Eccentrica Cars has given the tricksy Lambo a new suit. Better try them out both, just to be sure
It’s all fun and games until someone loses an eye. Or in this case, loses a clutch master cylinder and the dignity it provides for a 35-year-old Lamborghini Diablo on the Great St Bernard Pass. Because yes, that was me living through cliche, hazards on, wondering what the hell I was going to do with a venerable Diablo on a twisty mountain road with a clutch pedal that had gone from requiring 42kg of pressure (yes, really), to feeling like the footrest of a pedal bin.

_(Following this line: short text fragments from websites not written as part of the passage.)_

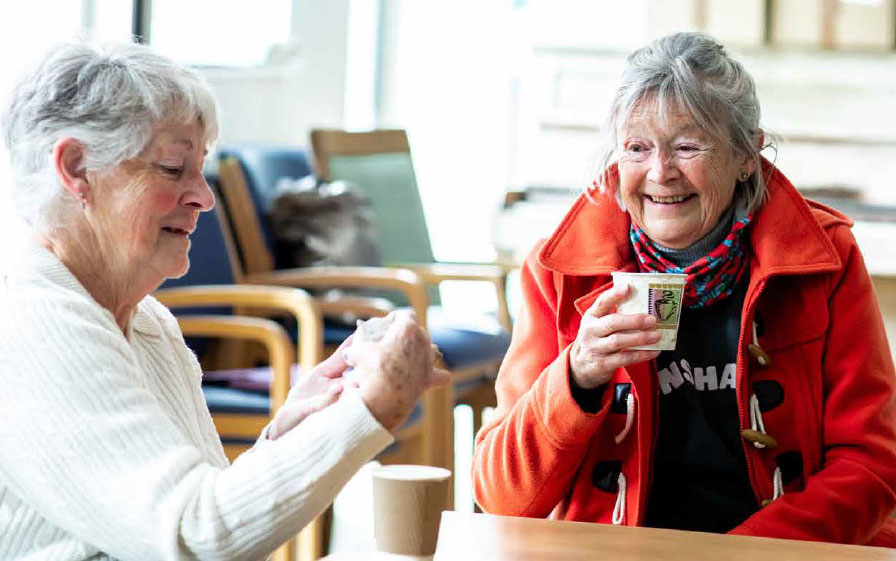 Two women are sitting at the corner of a table, each with a hot drink. They are smiling.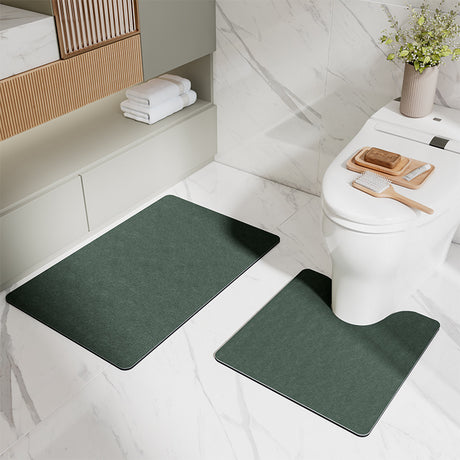 Green two piece bathroom mat set with U shaped toilet mat and rectangular mat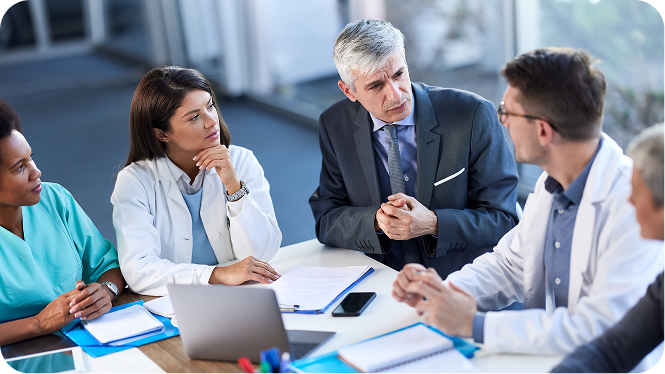 A group of healthcare professionals and an executive in a business suit sitting around a table in a meeting room, reviewing documents and discussing options during a collaborative strategy session.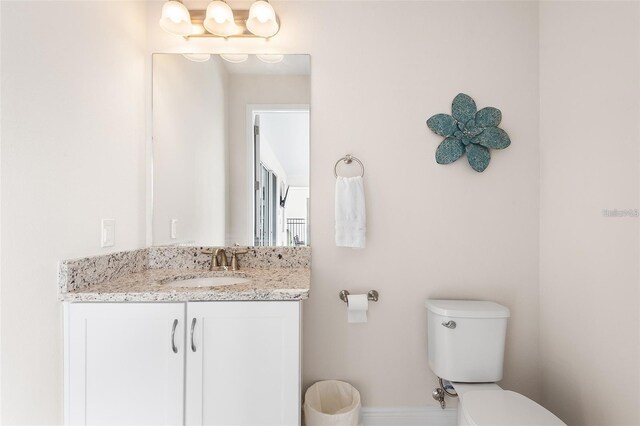 416 Southfield St, Kissimmee, FL 34747 - bathroom featuring toilet, vanity, and baseboards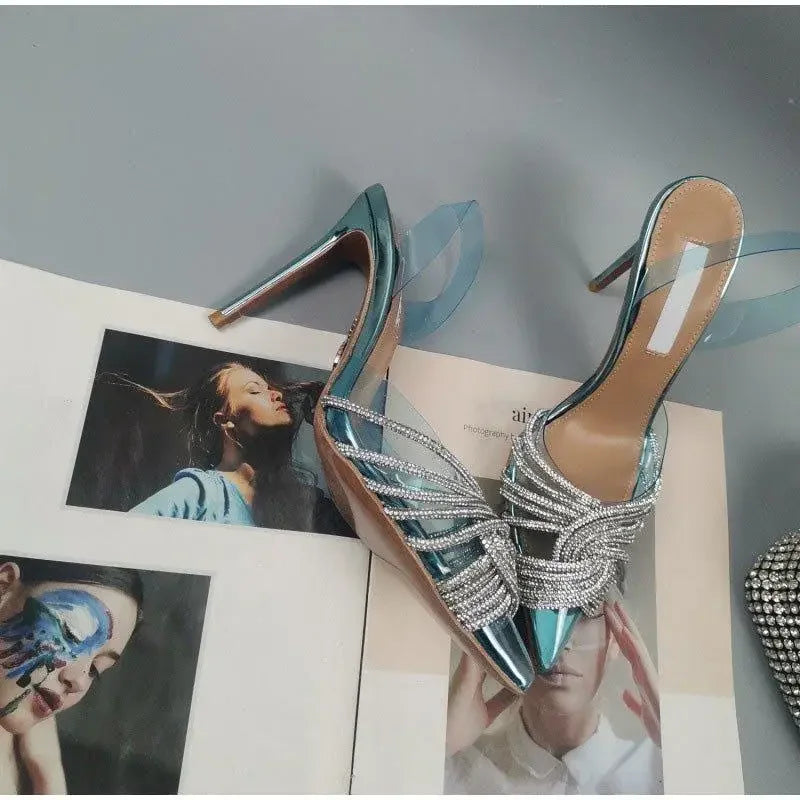 Shiny pointed toe crystal transparent pumps with jeweled details and high heels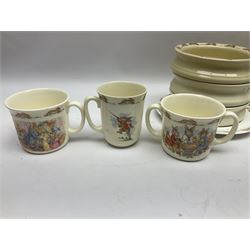 Royal Doulton Bunnykins nursery wares, including twin handled mugs, bowls, plates (17) 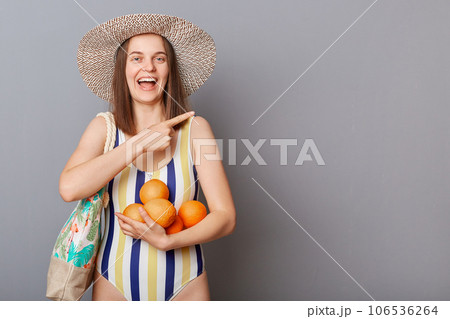 Smiling delighted woman wearing striped colorful swimwear standing with bag and oranges isolated over gray background pointing aside at copy space for promotional text. Smiling delighted woman wearing striped colorful swimwear standing with bag and oranges isolated over gray background pointing aside at copy space for promotional text. 106536264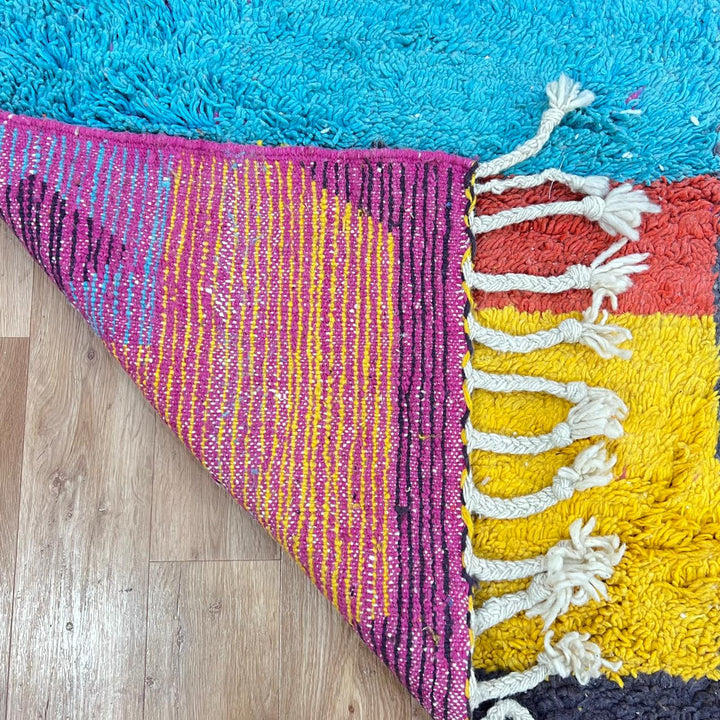 Vintage Moroccan wool rug 824 – handmade Berber carpet with yellow, blue, red, and gray abstract patterns, medium pile (299 × 200 cm / 9.81 × 6.56 ft).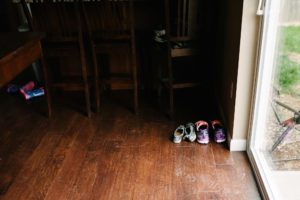 kids shoes lined up near door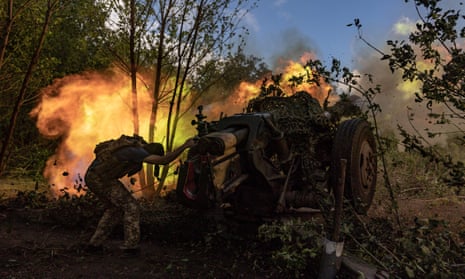 A Ukrainian soldier firing artillery at Russian positions near Klishchiivka last month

It was all going so well, too. A 1990 first generation Diablo on a sunny mountain road on the Italian/Swiss border, Matt Monro playing vaguely in the back of my head, the craggy bits of Italy dopplering the deep chested yowl of the V12. It’s not easy, mind. With no ABS, no traction control and most importantly, no power assisted steering, this is the toothiest version of the Diablo... the one they warn you about.
A bit of a challenge for automotive masochists, or just the Diablo curious. And that’s definitely me. Diablos were my poster cars as a kid, but the only ones I’ve driven have been VTs and late 6.0-litre manuals – the ones from the Audi owned years where things were a little less bitey.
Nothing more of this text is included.